Once I worked with someone who was really into “back to school, back to basics” as a way to set a work refresh after Labor Day when the kids went back to school.
My kids aren’t back to school yet, and we have been in transition for basically a year now and the clock is still ticking, so it’s premature to make great proclamations or cast grand aspersions. Call this my rough draft.
Starting a New School Year at a New School
I don’t have new school clothes for the kids (much less having unpacked from our trip). I don’t like the backpacks I purchased. I don’t have a nanny, or an au pair (East Coast for “nanny”). I don’t have the super rad longtail bike that I want, which my mother thinks is unsafe and my husband doubts my ability to ride.
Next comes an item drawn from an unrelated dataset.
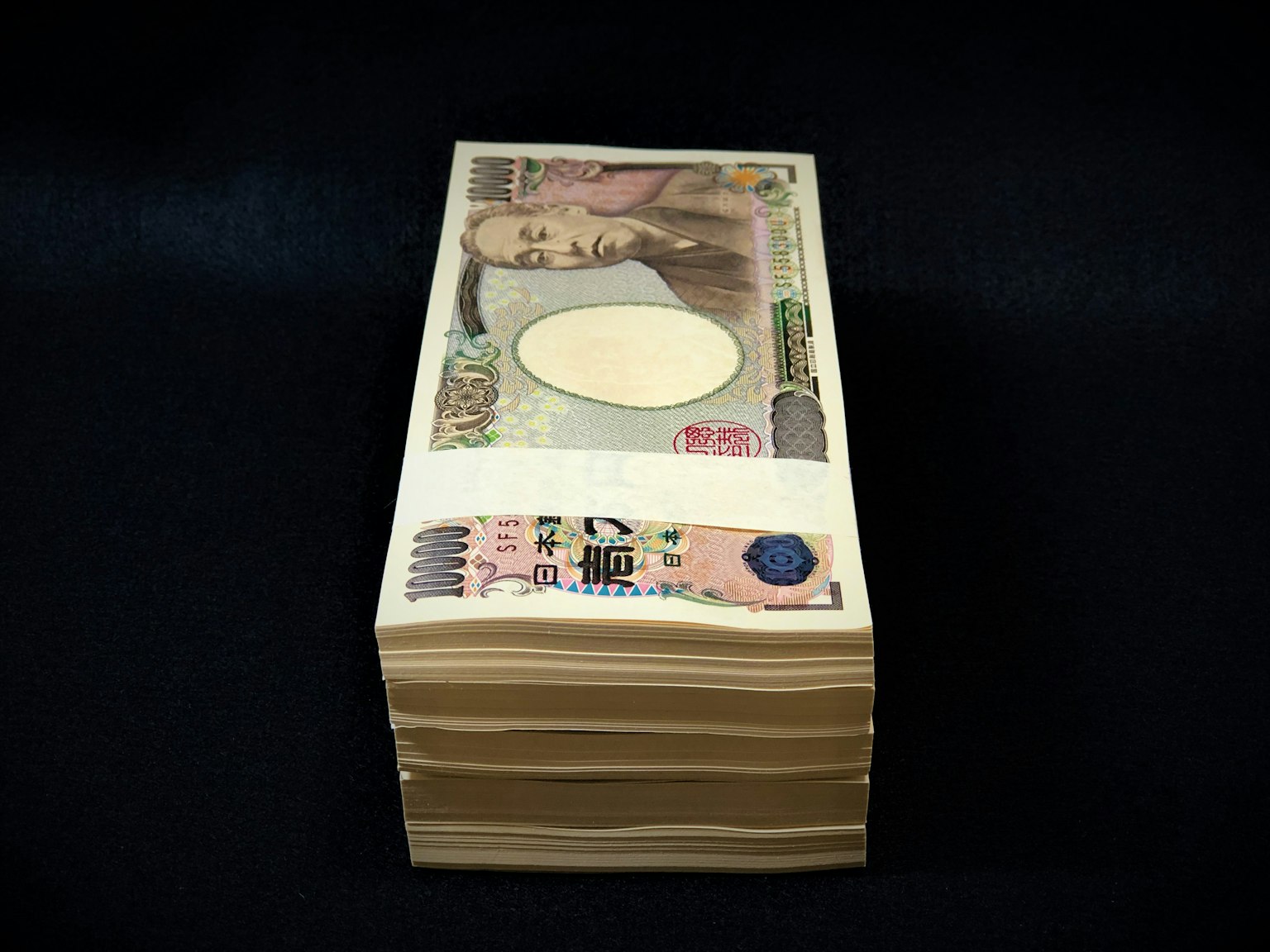 Une pile de billets en yen japonais sur un fond noir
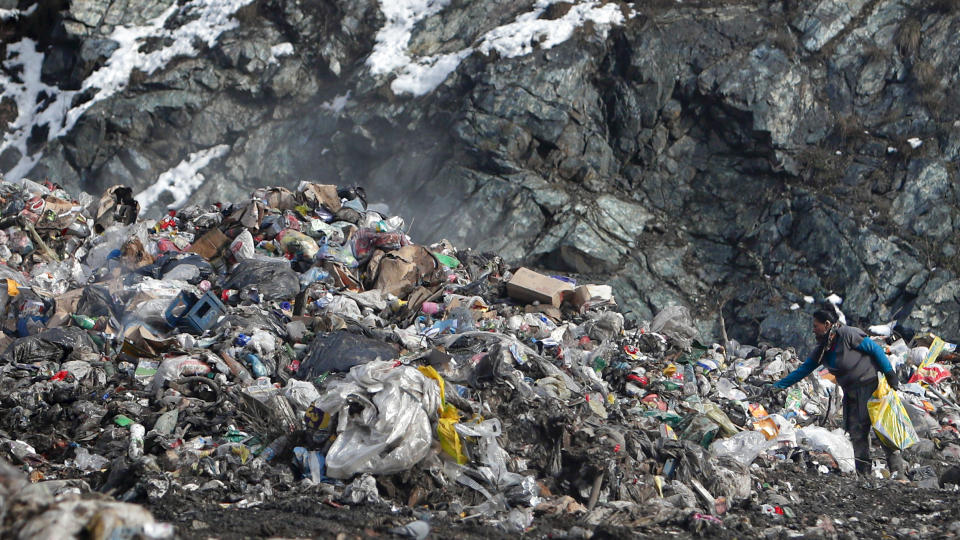 A trash collector searches for recyclable material at the landfill near Priboj, in southwest Serbia, Friday, Jan. 22, 2021. Serbia and other Balkan nations are virtually drowning in communal waste after decades of neglect and lack of efficient waste-management policies in the countries aspiring to join the European Union. (AP Photo/Darko Vojinovic)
And yet, come Monday, they start school. What are you going to do about, Mom? Word to the wise–don’t hold your breath.
Wrapping up the Past
The Last Year
Our school for the past year has been nothing short of wonderful.
In a parting appreciation letter, I wrote I would send him there through 12th grade, if I could. However, it can’t be our forever school because it’s a preschool and the youngest class is for 2.5 years old, which means Little Miss could not go there for another year, and it’s in Arlington, which is a non-starter because hypothetically we are moving into the condo before Christmas (and with any luck before Halloween).
Our Time in Texas
Master O and I went back to Texas for a long weekend this past weekend. It made my head swirl and spin.
I don’t have the ending worked out in my head, but the weekend gave me the closing chapters. A year has given me space (despite continuing to be in transition here) to be able to respect my feelings and thoughts about living there. But it also broke my heart–I love my friends there.
Marie Kondo on Life
When we move into the condo, we will wish that we had a POD SALE–instead of moving all of our furniture and belongings into the condo, that we sold them all. Kind of schizophrenic but if we have lived this past year without it, and we can’t remember what is in it, do we need it? Besides, we need a fresh start in this new space.
In all of this searching and wandering, I feel I am getting old.
What I may have “made the best of it” in a previous year, I now can’t let myself entertain what does not work for our narrow parameters. While I joined the DC Moms Blog in January, I’ve resigned this month. While the condo board has many seats available, there’s no chance I can waste time or energy with that. I don’t need to start new hobbies or activities–I don’t have it in me any longer. New endings to make space for new starts.